Short explanation...

Listeners fill out diaries documenting what they listened to and for how long. Sometimes in crayon.

Arbitron totals these samples and computes various percentages. The number you see published to non-subscribers is the "12+ AQH", which is an average of what percentage of people listening to the radio during a given 15-minute period (Average Quarter Hour), ages 12 and over, are tuned to the various stations.

The service to which stations subscribe goes much deeper than that. The numbers are broken out by age groups and gender. Most of the stations care about the 25-54 and 35-64 demos because that's the age group advertisers want to reach.

The 12+ numbers rarely tell the story of success or failure because at all but the top 2 or 3 stations in a given market, the target is a narrower band of listeners (WSHH, for instance, is aimed at women 35-64. B94 and Kiss care about 18-34 females. The Zone wanted men 25-54).

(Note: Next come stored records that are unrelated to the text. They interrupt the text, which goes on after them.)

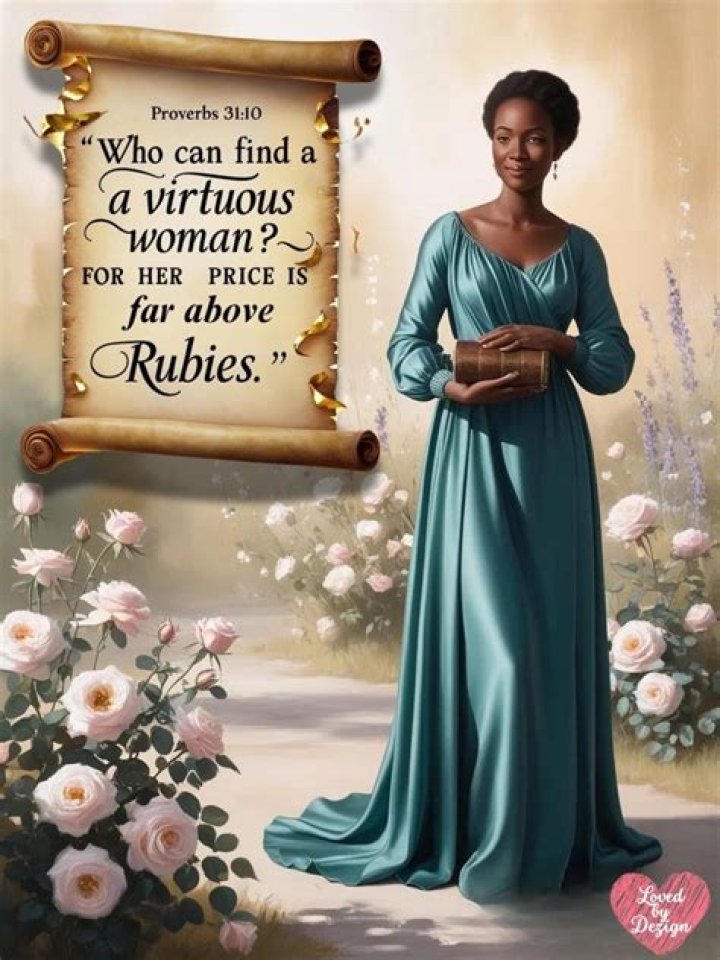 How do you become a virtuous woman of God?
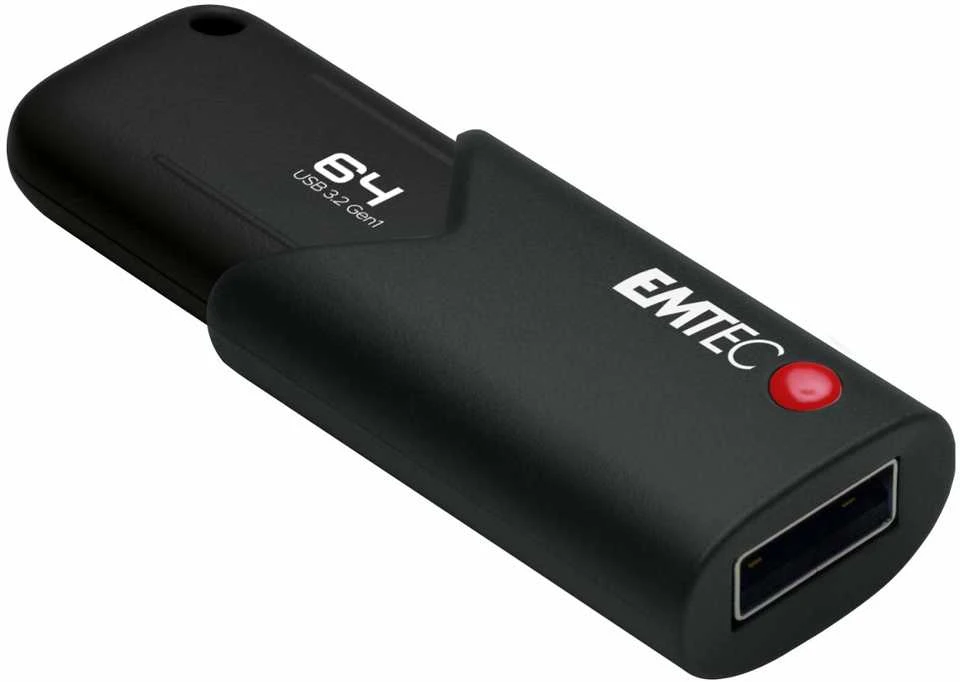 Atmintinė Emtec B120 Click Secure 64GB USB 3.2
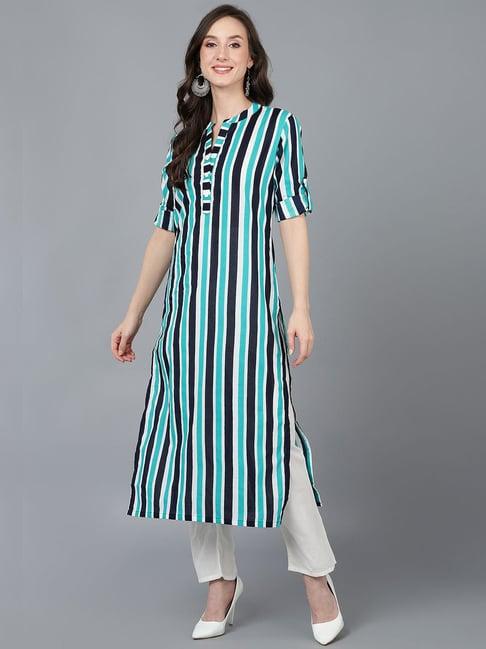 vaamsi multicolored cotton printed straight kurta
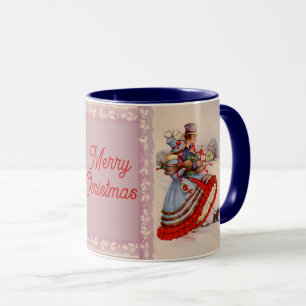 Alte Weihnachts-Shopping-Tasse Tasse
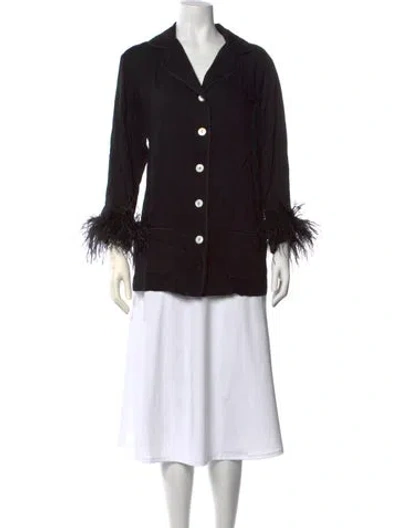 Pre-owned Sleeper Long Sleeve Button-up Top W/ Tags In Black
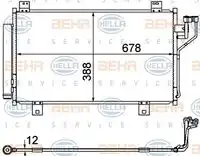 Радиатор кондиционера (конденсатор) HELLA 8FC351344604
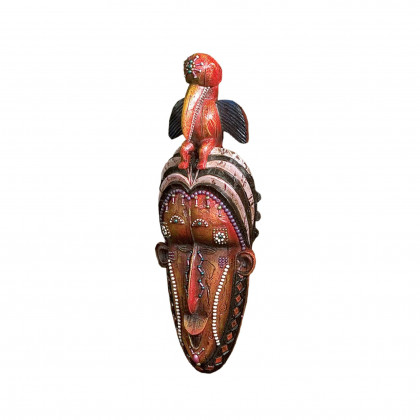 Toscano Mask of the Congo African Wall Sculpture - Hornbill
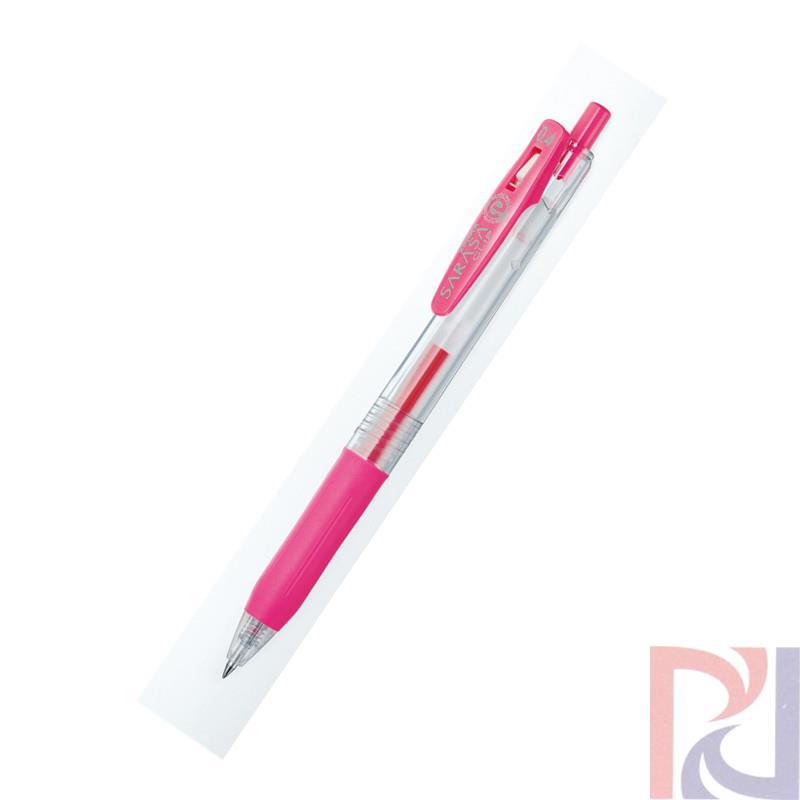 日本原装 斑马Zebra SARASA CLIP多彩中性笔JJS15/0.4mm 粉色(粉色)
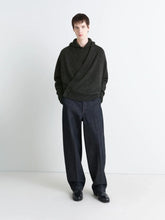 Dark Espresso Alpaca Wool Wrap Cardigan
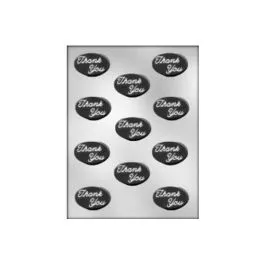 thank-you-oval-chocolate-mold Thank You Oval Chocolate Mold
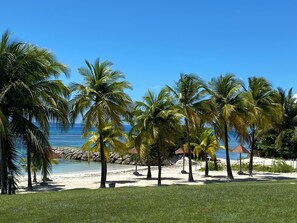 Am Strand, Strandtücher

There are also measurements of Time Spent Listening (TSL) and Cume (the total number of persons tuning in, with no time parameter). The two numbers combine to compute the AQH share.

The are also gross rating points, which measure what share of the local population is tuned in, not just the percentage of people listening to the radio. This matters, for instance, in setting ad rates for drive time vs. non-peak dayparts (you can be #1 at night and have fewer actual listeners than the #10 morning show, when most people are tuned in).

So that's a real scratch-the-surface overview.
 
Thanks! I was always curious how they arrived at those numbers. So technically, if everyone in Pittsburgh tuned their radios to a given frequency for three hours, but no one documented it, it wouldn't matter rating wise?
 
youngabe89 said:
Thanks! I was always curious how they arrived at those numbers. So technically, if everyone in Pittsburgh tuned their radios to a given frequency for three hours, but no one documented it, it wouldn't matter rating wise?

That's what every station with lousy ratings will tell you.
 
I have some related questions... How does a person get chosen to participate in the ratings? How do they know they have a broad enough sample of people?

And do they choose people who don't necessarily listen to the radio every day or every week? That's probably a good percentage of the population.